The real headline moment comes tomorrow. Orion will loop around the far side of the Moon, pushing astronauts Reid Wiseman, Christina Koch, Victor Glover, and Canadian Space Agency astronaut Jeremy Hansen to 252,757 miles from Earth. That beats the Apollo 13 distance record by over 4,000 miles. These are also the first humans to cross the lunar threshold since Apollo 17 in 1972.
The crew has been busy prepping for the flyby, running manual piloting demonstrations, reviewing science objectives for a six-hour lunar observation window, and evaluating their space suits. Those suits aren't for a moonwalk on this mission. They're there for life support in case of emergency and for the trip home.
Orion is expected to reach the Moon's vicinity shortly after midnight on Monday, April 6. The lunar observation period kicks off at 2:45 PM ET, and a few hours after that, the crew will slip behind the Moon and briefly lose all communication with Earth. The closest approach to the lunar surface is scheduled for 7:02 PM ET, when the spacecraft will be just 4,066 miles from the Moon.
NASA says the crew will see the entire disk of the Moon at once from that distance, including regions near the north and south poles. They'll also get to witness something wild: a solar eclipse from space, as Orion, the Moon, and the Sun align so the astronauts watch the star disappear behind the Moon for about an hour.
Between the science and the navigation milestones, the crew has also had time to simply look out the window. The latest images from NASA show the astronauts gazing back at Earth through the Orion spacecraft's windows. Sometimes the view is the point.

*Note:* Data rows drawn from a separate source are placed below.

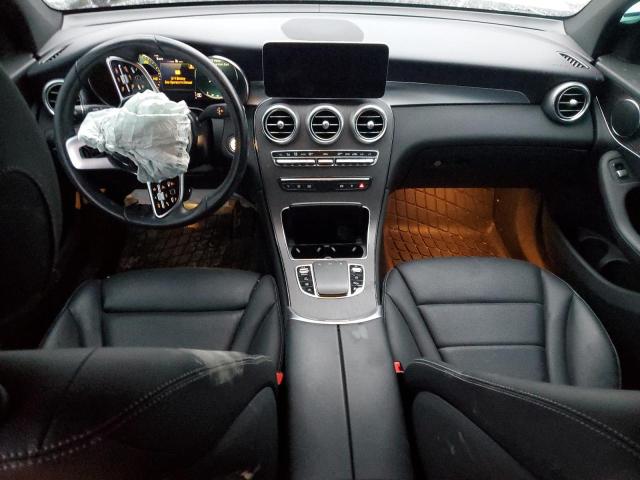 Продаж на аукціоні авто 2022 Mercedes-benz Glc, vin: W1N0G8EBXNG119525, номер лоту: 93186605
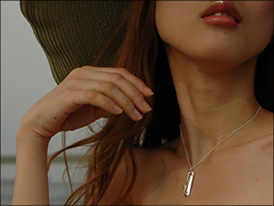 �t�Ă������߃����O�l�b�N���X�@�����摜�Q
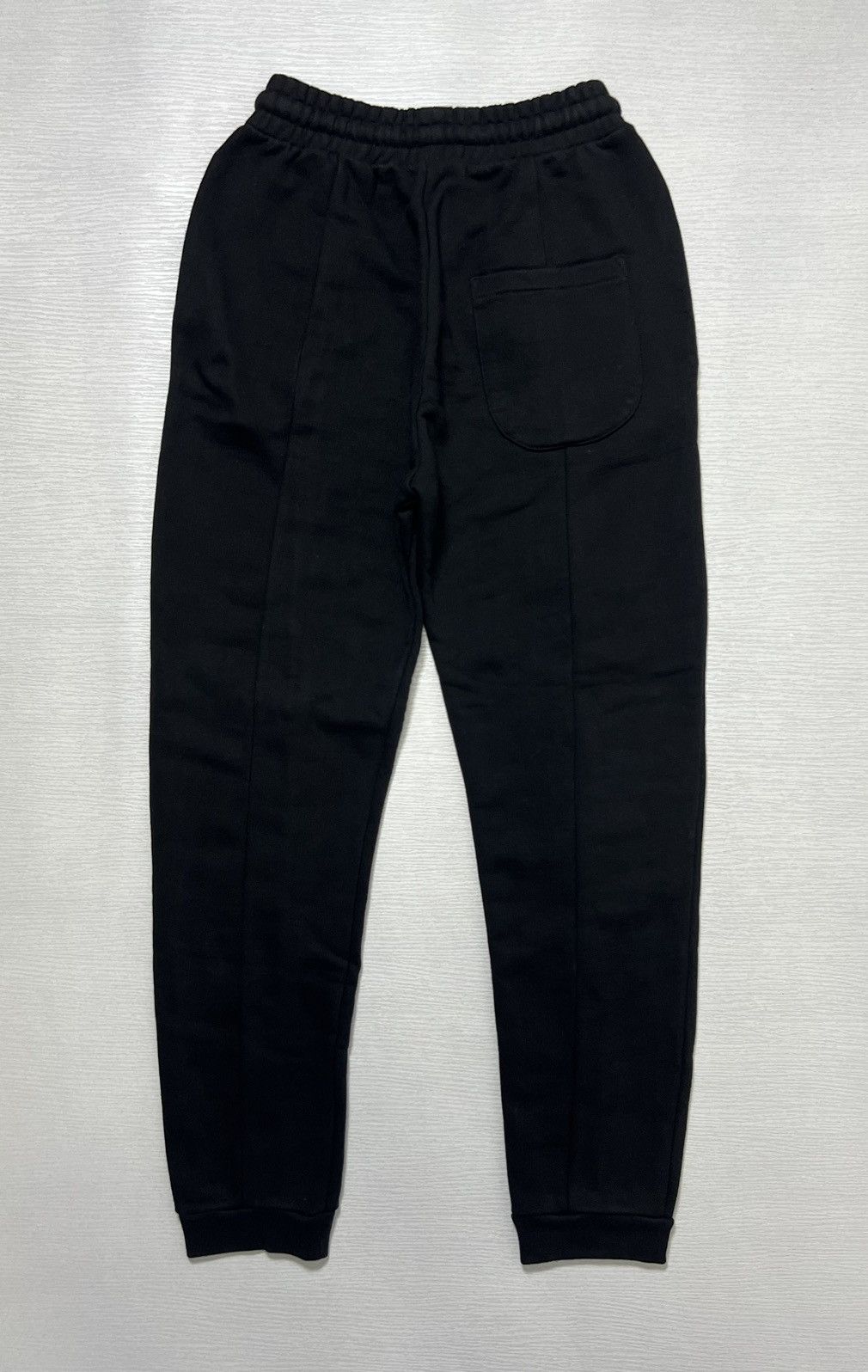 Vetements Vetements - S/S 2017 - Embroidered Logo Sweatpants Size US 28 / EU 44 - 2 Thumbnail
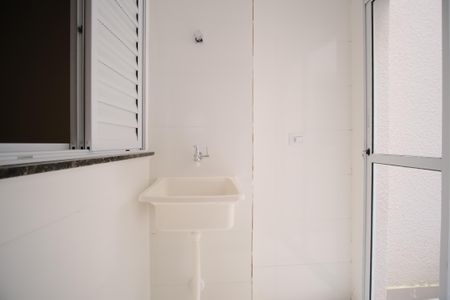 Apartamento à venda com 40m², 2 quartos e sem vagaÁrea de Serviço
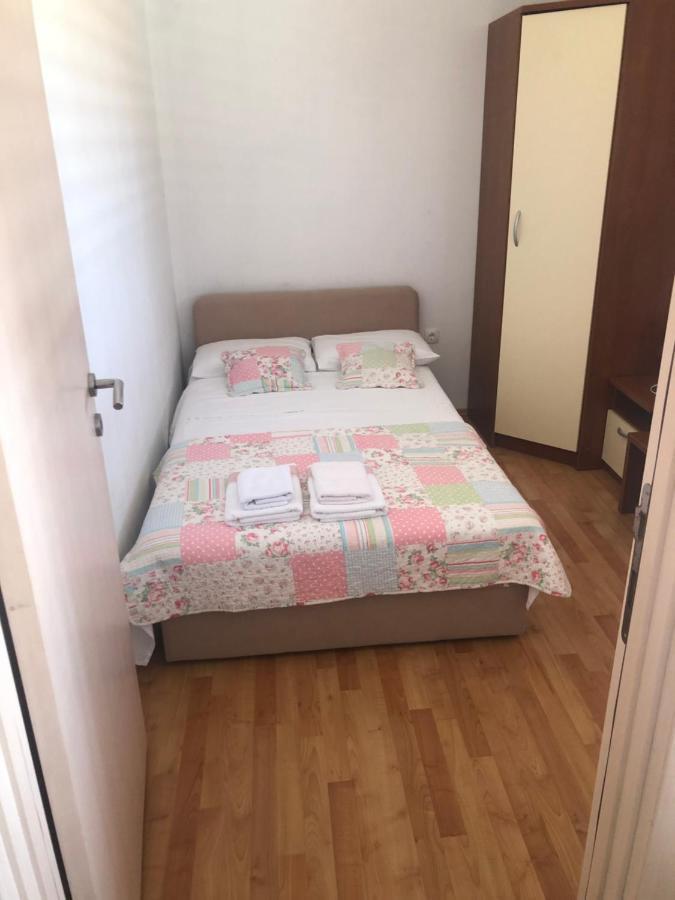 Apartman Sternak Kraj  ภายนอก รูปภาพ
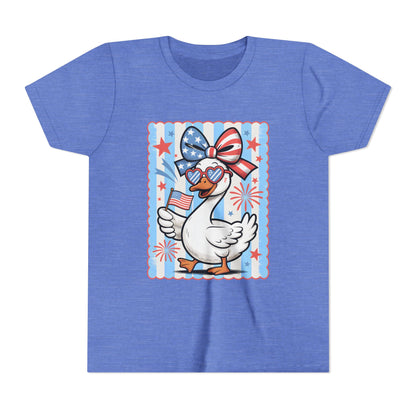 Duckling Youth Short Sleeve Tee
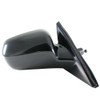 DOOR MIRROR RH MANUAL REPLACEMENT FOR HONDA ACCORD SEDAN 2002 PARTSLINK NUMBER  HO1321121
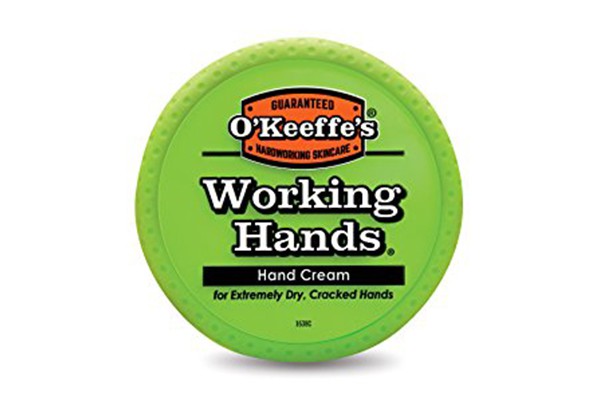 Kem bôi dưỡng da tay O’Keeffe’s Working Hand (Mỹ)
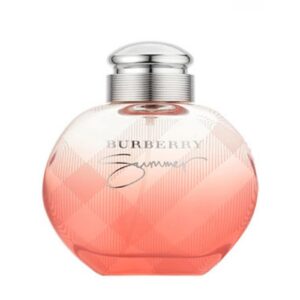 BURBERRY BURBERRY SUMMER FOR WOMEN 2011 для женщин flaconium.ru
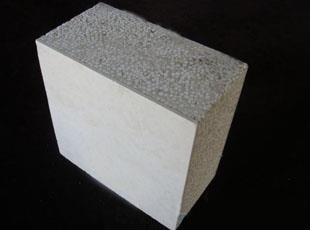 復(fù)合夾芯板有什么特點(diǎn)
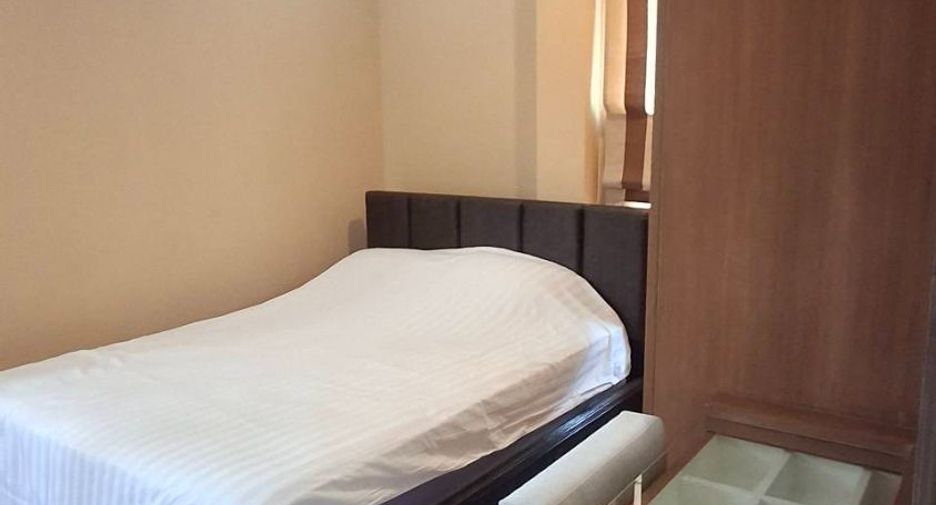 Haus zur Miete mit 3 Zimmer in Mueang Chon Buri, Chonburi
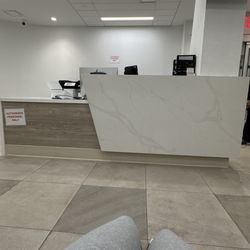 Flushing Hospital Medical Center - Emergency room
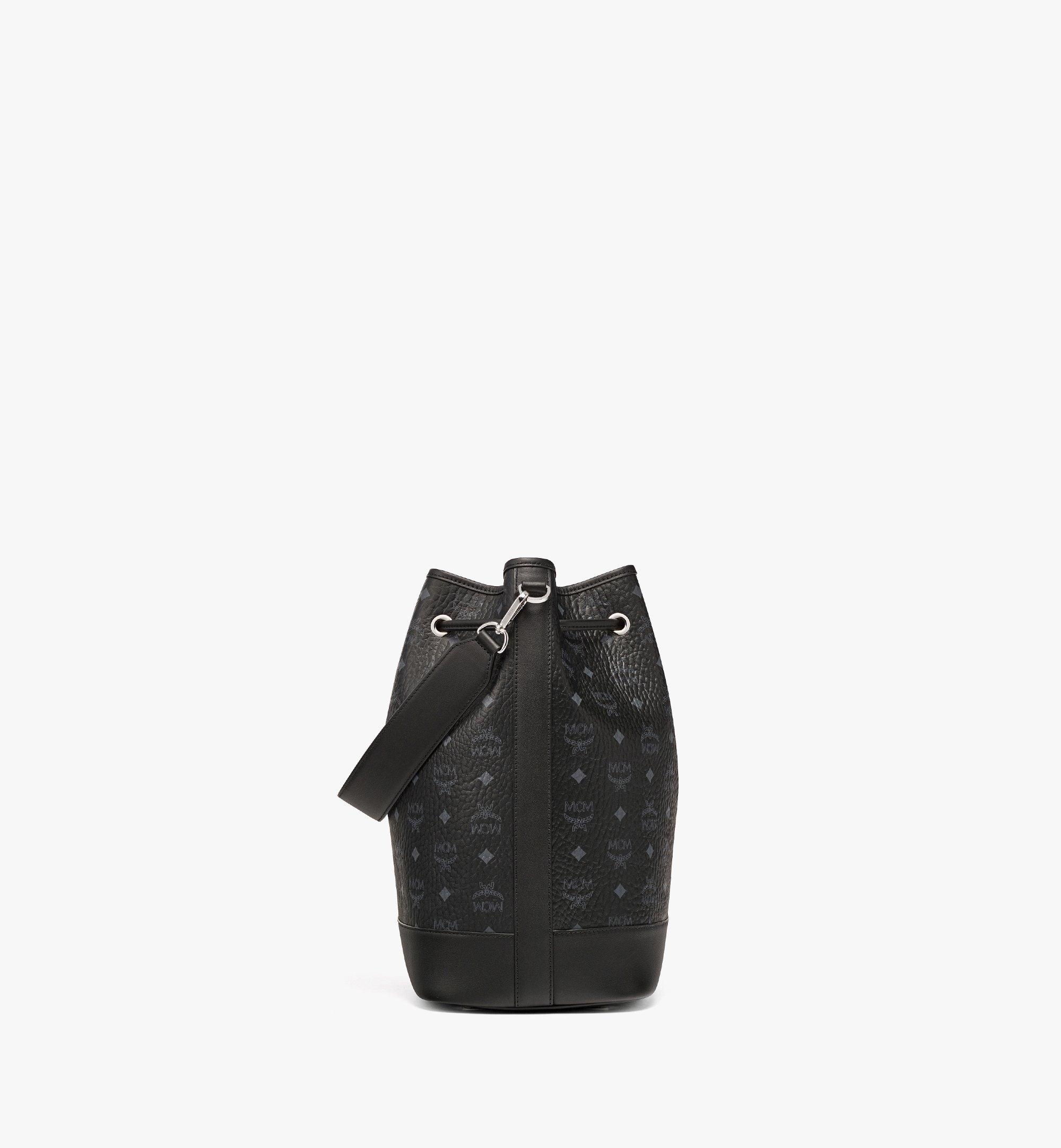 Dessau Drawstring Bag in Visetos - 3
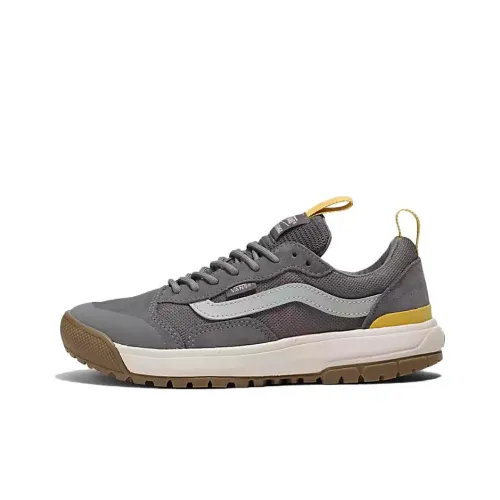 Vans UltraRange Exo Ww MTE 1 'Grey Yellow'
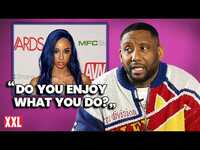 Thumbnail for the Maino - No Filter Convos With Donald Trump, John Gotti, Madonna, Teanna Trump & Larry David link, provided by host site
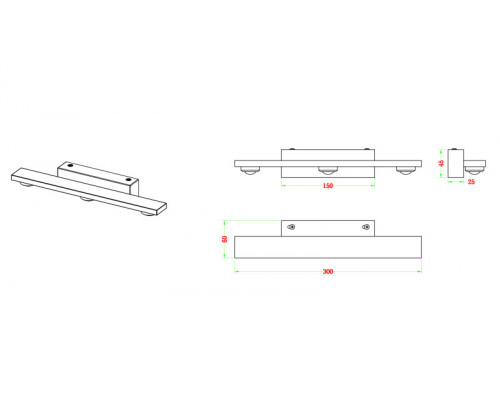 Сделать заказ Бра Zortes ZRS.1823.03| VIVID-LIGHT.RU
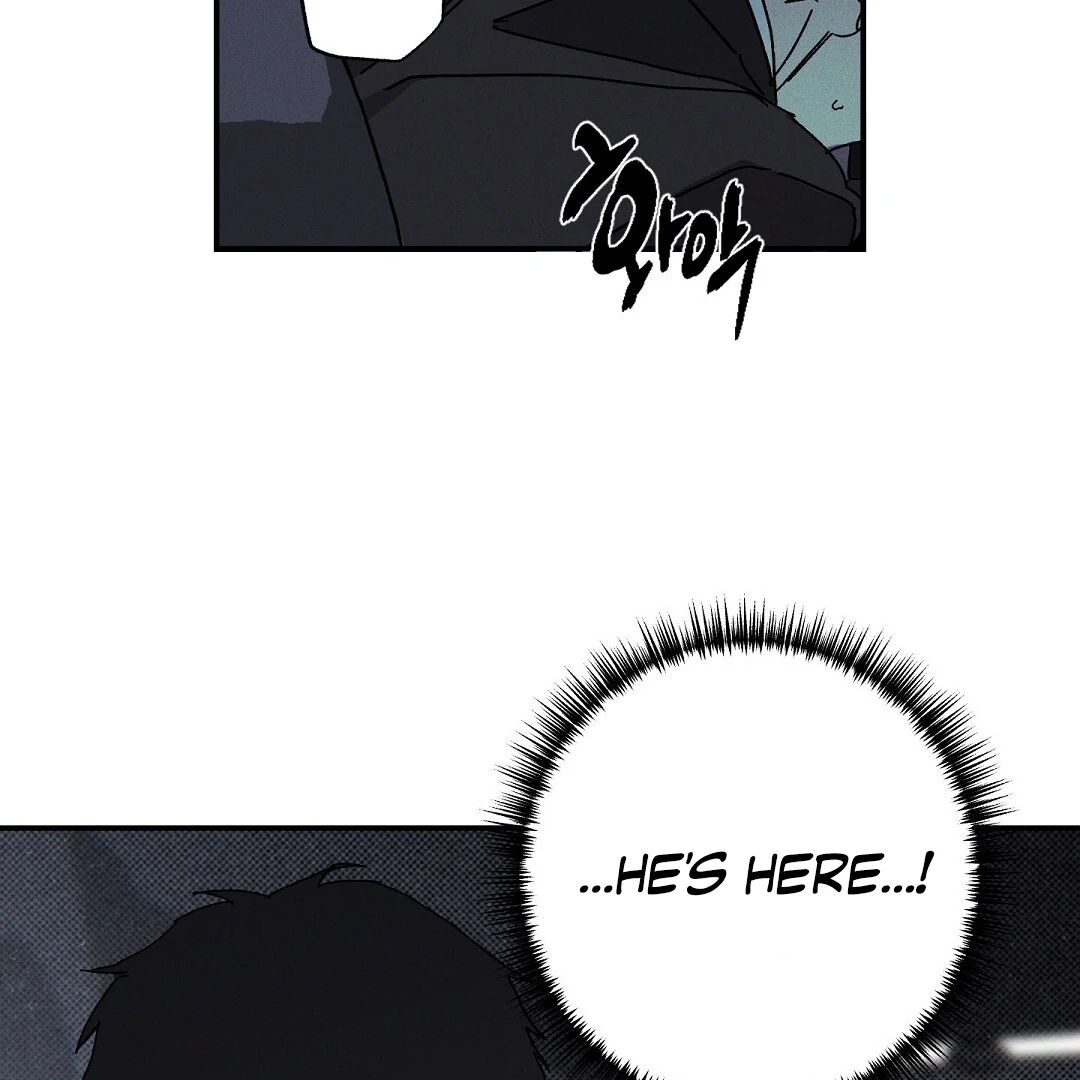Wet Sand Chapter 91 page 61 - 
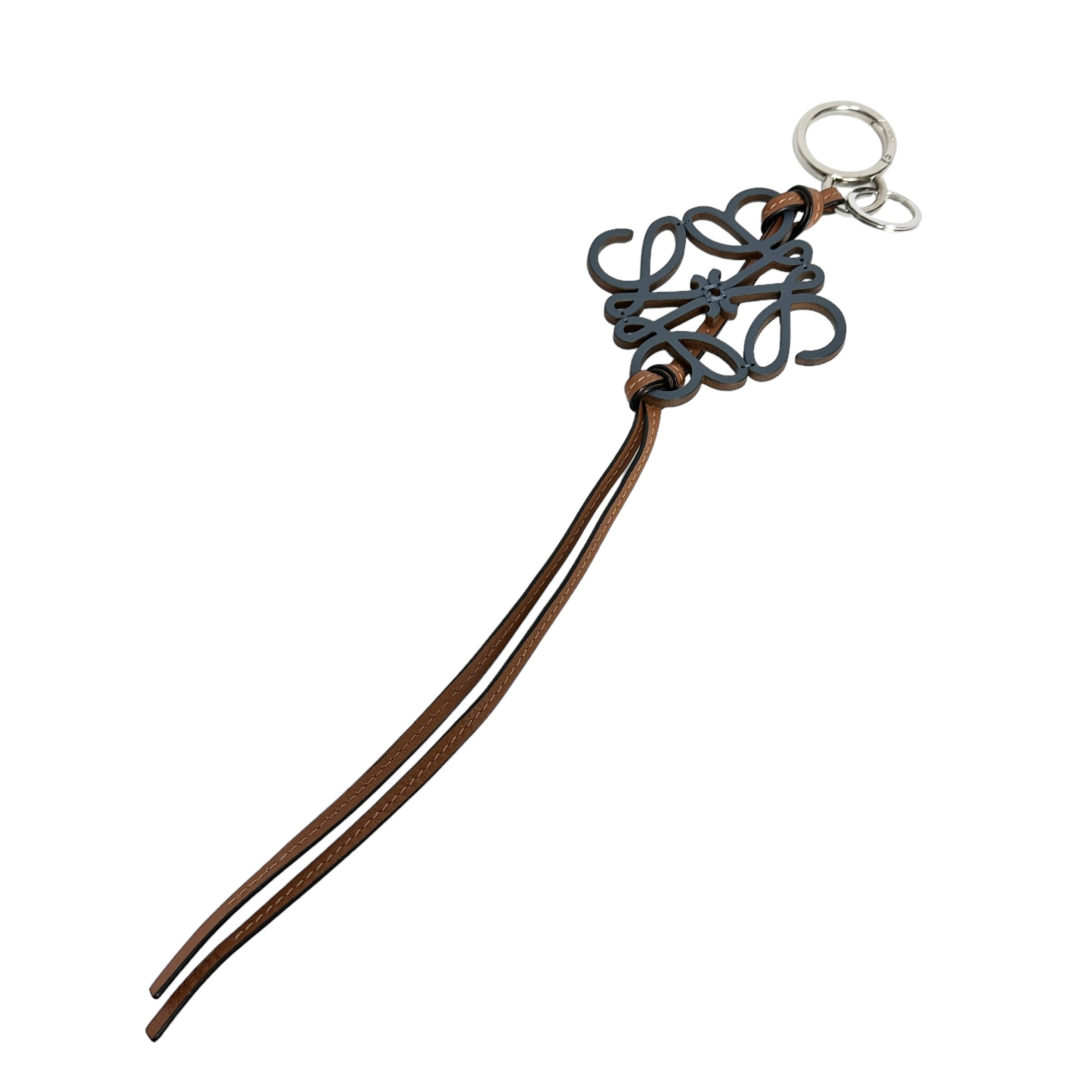 LOEWE ロエベ アナグラム チャーム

So why does a Moon flyby matter to people building with AI and shipping products? Artemis II is a proof-of-concept mission for the entire Artemis program, which aims to establish a sustained human presence on and around the Moon. That kind of infrastructure eventually creates massive demand for autonomous systems, robotics, and AI-driven mission planning. The tools being tested now will shape the tech stack for deep space operations for decades. NASA's live coverage of the flyby starts at 1 PM ET if you want to watch history happen in real time.